Monitoring & learning¶
It is important to monitor the adoption and use of standards: particularly those with a policy goal. Through monitoring, and reflecting on adoption, there are opportunities to identify ways to improve the standard, it's documentation and associated tools, and to develop interventions that create a thriving ecosystem of publishers and users around a standard.
There are many different aspects to monitoring and learning:
- Pipeline and publishers - tracking how many organisations have expressed interest in the standard, started adopting it, or successfully published.
- Validation - tracking how much of the data produced is valid against the standards schema, or against additional rulesets, and identifying common interoperability issues.
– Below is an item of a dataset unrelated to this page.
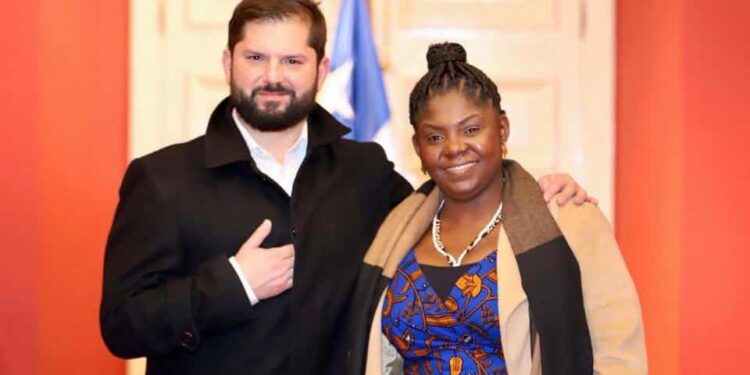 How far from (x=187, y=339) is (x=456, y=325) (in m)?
0.54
- Coverage - tracking the relative levels of use for particular fields, data elements and codelists, as well as looking at the use of extensions or additional fields in standards that support this.
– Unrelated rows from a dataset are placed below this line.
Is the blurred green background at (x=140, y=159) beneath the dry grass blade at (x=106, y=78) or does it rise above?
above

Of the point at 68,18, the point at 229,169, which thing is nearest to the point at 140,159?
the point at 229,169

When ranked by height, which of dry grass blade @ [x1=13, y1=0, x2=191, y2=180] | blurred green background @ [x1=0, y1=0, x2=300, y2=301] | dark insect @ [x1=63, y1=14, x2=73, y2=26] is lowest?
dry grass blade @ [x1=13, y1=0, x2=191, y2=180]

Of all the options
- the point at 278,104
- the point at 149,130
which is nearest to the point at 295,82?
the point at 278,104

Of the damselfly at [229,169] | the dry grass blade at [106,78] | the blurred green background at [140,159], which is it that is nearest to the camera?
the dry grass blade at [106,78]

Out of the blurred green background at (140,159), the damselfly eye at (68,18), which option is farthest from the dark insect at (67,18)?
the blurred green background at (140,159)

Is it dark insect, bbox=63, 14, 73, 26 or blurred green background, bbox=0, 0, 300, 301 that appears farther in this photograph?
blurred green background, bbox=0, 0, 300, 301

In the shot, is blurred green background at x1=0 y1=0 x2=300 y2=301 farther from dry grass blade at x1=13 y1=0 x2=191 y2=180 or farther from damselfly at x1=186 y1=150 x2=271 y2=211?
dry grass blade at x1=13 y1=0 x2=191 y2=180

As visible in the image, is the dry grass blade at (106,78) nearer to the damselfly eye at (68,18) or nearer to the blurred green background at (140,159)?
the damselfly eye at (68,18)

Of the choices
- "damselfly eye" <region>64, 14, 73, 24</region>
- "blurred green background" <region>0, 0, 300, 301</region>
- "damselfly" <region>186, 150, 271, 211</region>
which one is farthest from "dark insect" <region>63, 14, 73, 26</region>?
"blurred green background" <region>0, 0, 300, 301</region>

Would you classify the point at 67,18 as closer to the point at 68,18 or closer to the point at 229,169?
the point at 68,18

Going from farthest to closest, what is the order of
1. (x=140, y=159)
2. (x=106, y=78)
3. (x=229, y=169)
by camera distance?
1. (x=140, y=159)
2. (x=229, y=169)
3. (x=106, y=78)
- Quality and usability - tracking whether data is clear, accurate and usable, and being put into use.
- Community - tracking the size and levels of activity in the community around the standard, identifying whether or not a market is emerging around it, and looking at the range of contributors to standard development.
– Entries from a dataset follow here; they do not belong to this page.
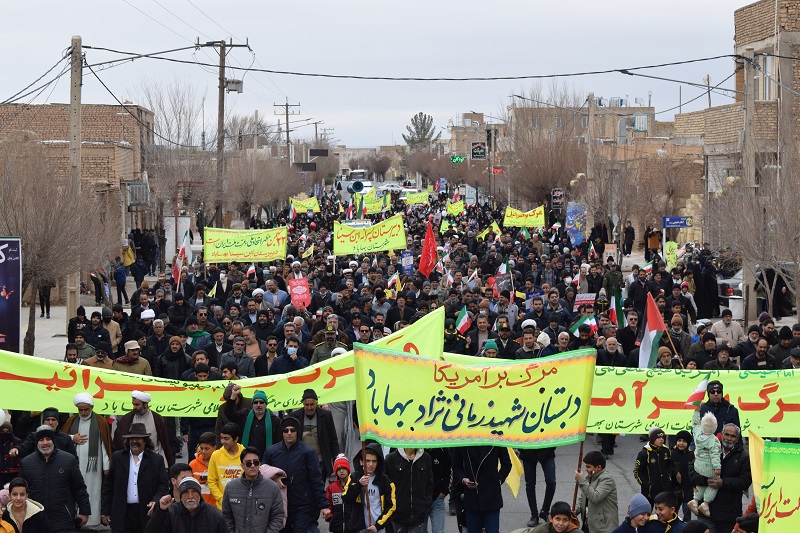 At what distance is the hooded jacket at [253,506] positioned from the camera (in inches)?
357

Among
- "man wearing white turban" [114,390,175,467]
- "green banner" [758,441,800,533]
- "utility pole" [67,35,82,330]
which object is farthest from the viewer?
"utility pole" [67,35,82,330]

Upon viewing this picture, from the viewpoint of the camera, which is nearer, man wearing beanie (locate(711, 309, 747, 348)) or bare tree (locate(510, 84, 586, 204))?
man wearing beanie (locate(711, 309, 747, 348))

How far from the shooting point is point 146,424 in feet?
35.4

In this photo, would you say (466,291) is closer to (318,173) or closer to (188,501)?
(188,501)

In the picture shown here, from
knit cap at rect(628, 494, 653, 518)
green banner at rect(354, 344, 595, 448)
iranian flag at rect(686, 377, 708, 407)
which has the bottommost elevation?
knit cap at rect(628, 494, 653, 518)

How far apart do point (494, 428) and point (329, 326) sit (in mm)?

The following components are often used as part of a monitoring strategy.
The following approaches can form part of a monitoring strategy:
- Quality frameworks - that can judge the 'level' of publication, and incentivise publishers to improve their data.
- Setting targets - for the number of publishers, valid data, or number of community contributions. Measuring against targets can help keep engagement and implementations on track.
- Individual publisher feedback reports - offering an opportunity for regular deep-dive engagement with publishers.
- Tool certification - either self-certified, or with external certification - as a means to engage tool developers, check and learn from the way data is being used.